Multi-tenant Django applications: altering database connection per request?

Question

I'm looking for working code and ideas from others who have tried to build a multi-tenant Django application using database-level isolation.

Update/Solution: I ended solving this in a new opensource project: see django-db-multitenant

Goal

My goal is to multiplex requests as they come in to a single app server (WSGI frontend like gunicorn), based on the request hostname or request path (for instance, foo.example.com/ sets the Django connection to use database foo, and bar.example.com/ uses database bar).

Precedent

I'm aware of a few existing solutions for multi tenancy in Django:

django-tenant-schemas: This is very close to what I want: you install its middleware at highest precedence, and it sends a SET search_path command to the db.

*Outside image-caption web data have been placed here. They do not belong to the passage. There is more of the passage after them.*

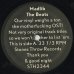 画像3: Madlib / The Beats - Our Vinyl Weighs A Ton OST (3)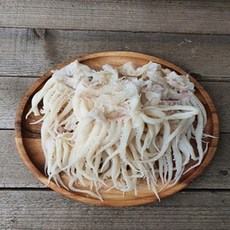 국산 오다리 백족 1kg 500g 딱좋은사이즈 A급 오징어다리 버터구이 아이스박스포장, (((국산백족1kg)),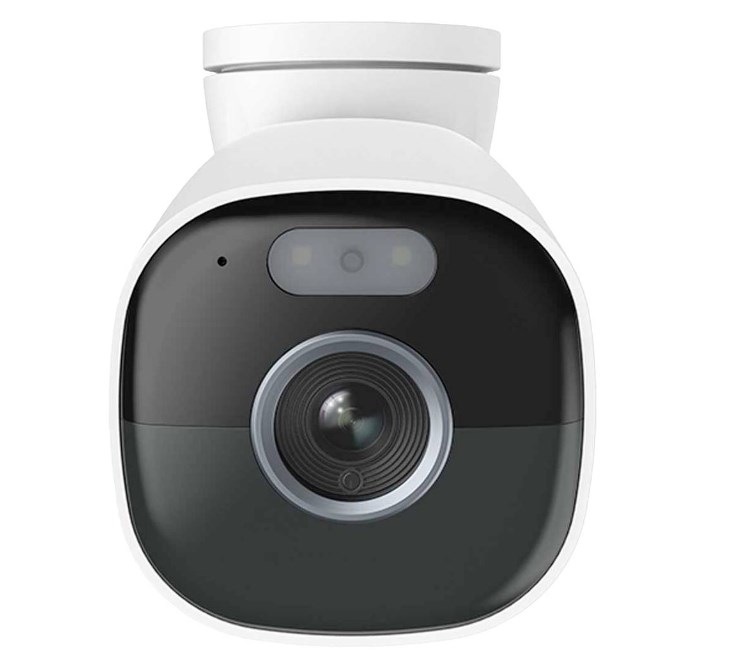 REOLINK bezpečnostní kamera Argus Series B340,  Argus Eco Pro,  2K 5MP Super HD,  WiFi2 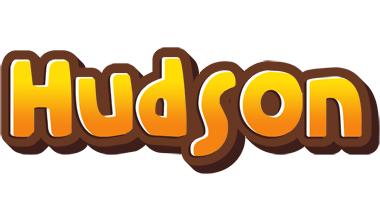 Hudson cookies logo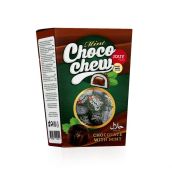 Kẹo mềm Sô-co-la Choco Chew Bạc hà 150gr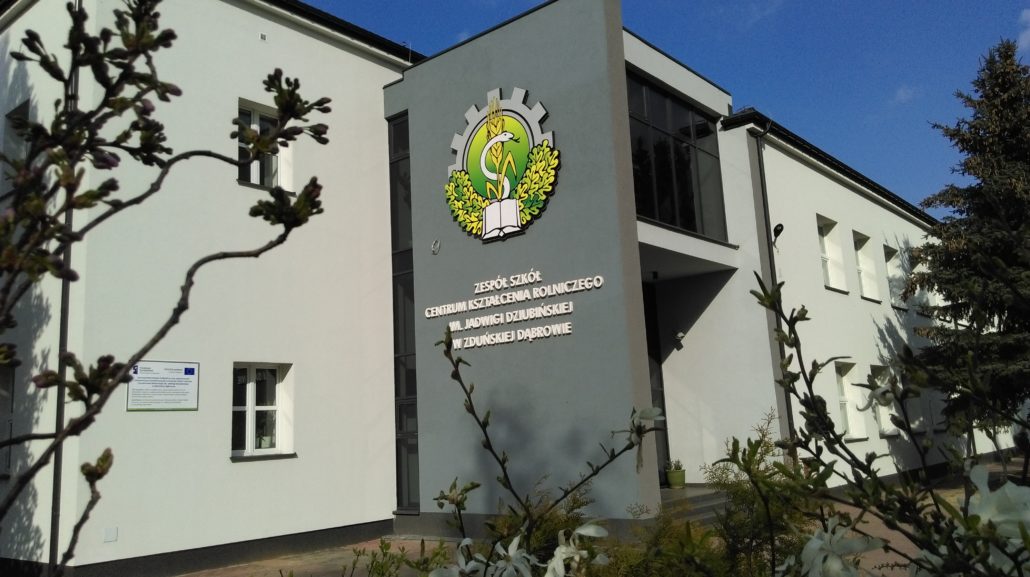 Zaproszenie na Dzień Otwartych Drzwi i Dzień Kulturowy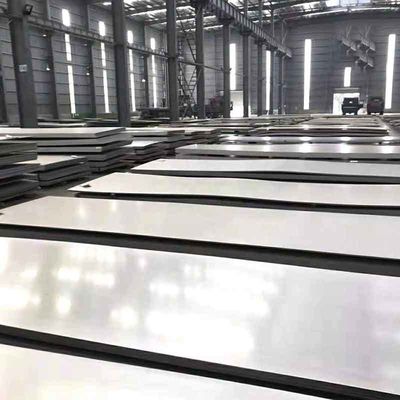 Hot Rolled Cold Rolled Technique 4*8 8K 2B N4 BA Mirror Finish Stainless Steel Plate 304 201 430 316 Sheet Metal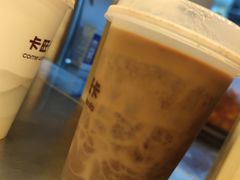 -卡旺卡(合肥步行街韵淮阁店)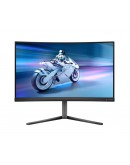 Монитор Philips Evnia 27M2C5200W, 27 Curved 1500R VA, 1920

Unfortunately, it is Postgres specific and I am stuck with MySQL.
django-simple-multitenant: The strategy here is to add a "tenant" foreign key to all models, and adjust all application business logic to key off of that. Basically each row is becomes indexed by (id, tenant_id) rather than (id). I've tried, and don't like, this approach for a number of reasons: it makes the application more complex, it can lead to hard-to-find bugs, and it provides no database-level isolation.
One {app server, django settings file with appropriate db} per tenant. Aka poor man's multi tenancy (actually rich man's, given the resources it involves). I do not want to spin up a new app server per tenant, and for scalability I want any app server to be able to dispatch requests for any client.

Ideas

My best idea so far is to do something like django-tenant-schemas: in the first middleware, grab django.db.connection and fiddle with the database selection rather than the schema. I haven't quite thought through what this means in terms of pooled/persistent connections

Another dead end I pursued was tenant-specific table prefixes: Setting aside that I'd need them to be dynamic, even a global table prefix is not easily achieved in Django (see rejected ticket 5000, among others).

Finally, Django multiple database support lets you define multiple named databases, and mux among them based on the instance type and read/write mode. Not helpful since there is no facility to select the db on a per-request basis.

Question

Has anyone managed something similar? If so, how did you implement it?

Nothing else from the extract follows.